Three facilities by up to five shooters. That's a planned and coordinated attack. I'm very curious as to who is going to claim credit.


----------



## Eric1212 (Oct 22, 2014)

1 suspect who travelled between two facilities (Memorial and The Hill) has been confirmed. Everything else is still under investigation. 



Steven F said:


> Absolutely crazy! How did a shooter get into the building?


He entered a public tax-funded building, just like any Canadian citizen would. No real story has been confirmed yet, but apparently he was able to drive a car close enough to the building, that by the time someone noticed he had got out with a gun, he had already fired additional shots.   No injuries in the building though. The soldier who was shot (confirmed dead a few hours ago) was guarding the memorial (across the road from the Parliament buildings). 

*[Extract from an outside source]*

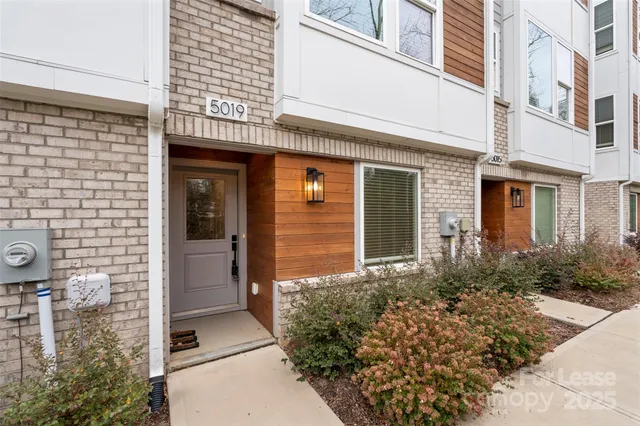 front view of a brick house with a small yard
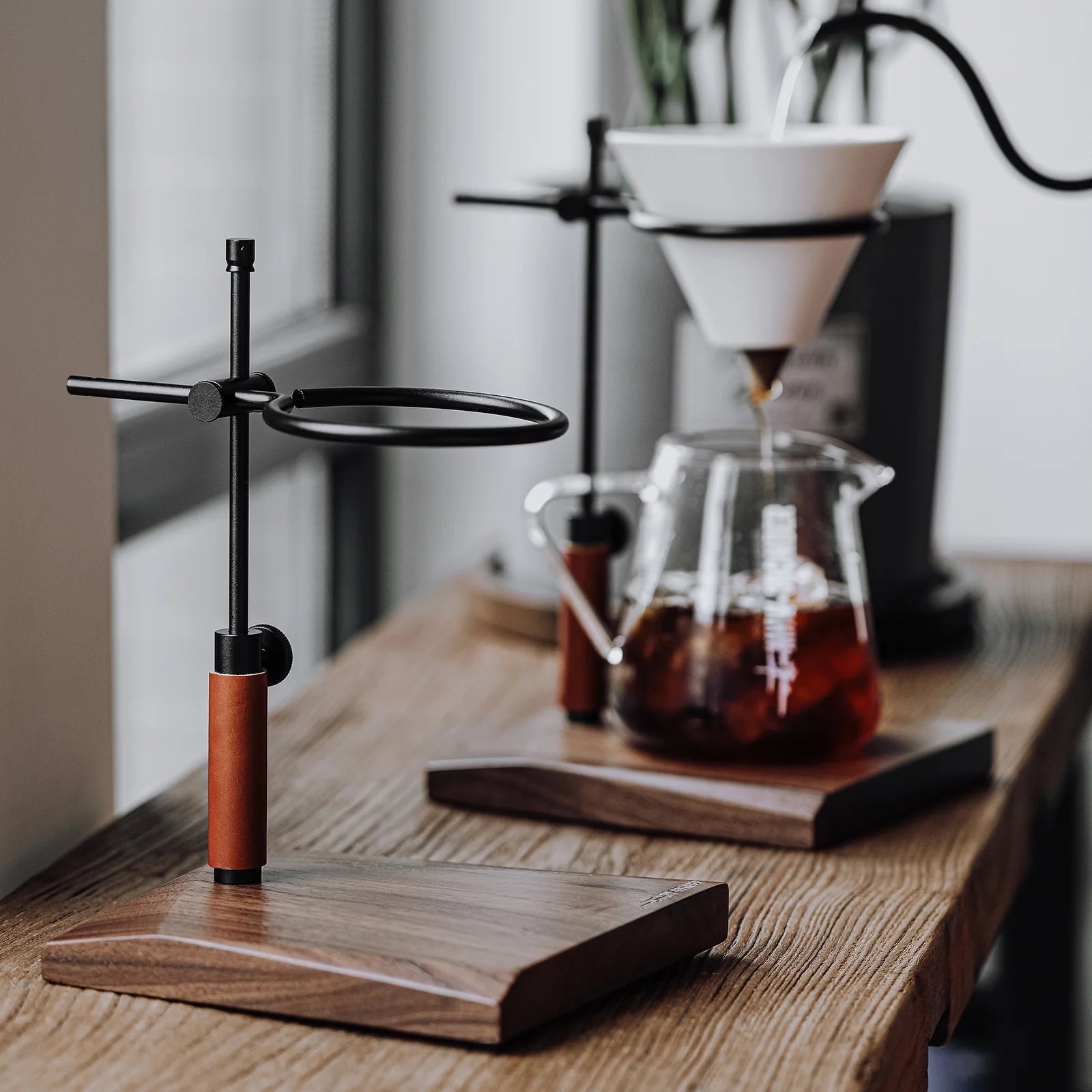 MHW-3BOMBER adjustable coffee dripper stand with wood base, black aluminum frame, and leather accent.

This all comes a day after another "terror attack" in Quebec, where a solider was also killed at a Service Canada building near Montreal.  Very sad


----------



## Eric1212 (Oct 22, 2014)

Francisco said:


> God damn.
> 
> 
> I know people hate Harper but...
> ...


You guys (US citizens?) hate Harper? 



Steven F said:


> Three facilities by up to five shooters. That's a planned and coordinated attack. I'm very curious as to who is going to claim credit.


 

According to reports, the suspects (from both incidents) were "ISIS sympathizers".


----------



## Munzy (Oct 22, 2014)

Eric1212 said:


> You guys (US citizens?) hate Harper?
> 
> 
> 
> According to reports, the suspects (from both incidents) were "ISIS sympathizers".


Fran is Canadian, personally I do not know whom he is.


----------



## Nick (Oct 22, 2014)

We need to get our asses into Iraq ASAP and eliminate the problem before it grows even larger.


I'm serving in the New Zealand Army and our threat level in the past few weeks has gone up, more police are about, we have more people on 24/7 in camp and there's people on standby to go. It will kick off soon.


----------



## sleddog (Oct 22, 2014)

One gunman, who first shot the soldier at the War Memorial then travelled by car to the parliament buildings. After two volleys of gunfire inside he was shot and killed by security.

The soldier at the War Memorial was serving honour guard duty. He carried a rifle, but no bullets.


----------



## texteditor (Oct 22, 2014)

Nick said:


> We need to get our asses into Iraq ASAP and eliminate the problem before it grows even larger.


We tried this once, and now ISIS exists as a result


----------



## MannDude (Oct 22, 2014)

Are they claiming this is ISIS related? Haven't been able to keep up with it, been a busy day. Jeeze, the things a group can do with financial aid and weapons from America and our allies.

This is completely messed up. I'd expect new 'anti-terror' laws to be passed in Canada within the next month or so, a Canadian Patriot Act, if you will.

Will read more about it later.


----------



## Nick (Oct 22, 2014)

texteditor said:


> We tried this once, and now ISIS exists as a result


We got out before the job was done.


----------



## AndrewM (Oct 22, 2014)

Nick said:


> We got out before the job was done.


Didn't Obama release the "now" leader of ISIS from prison in 2009?


----------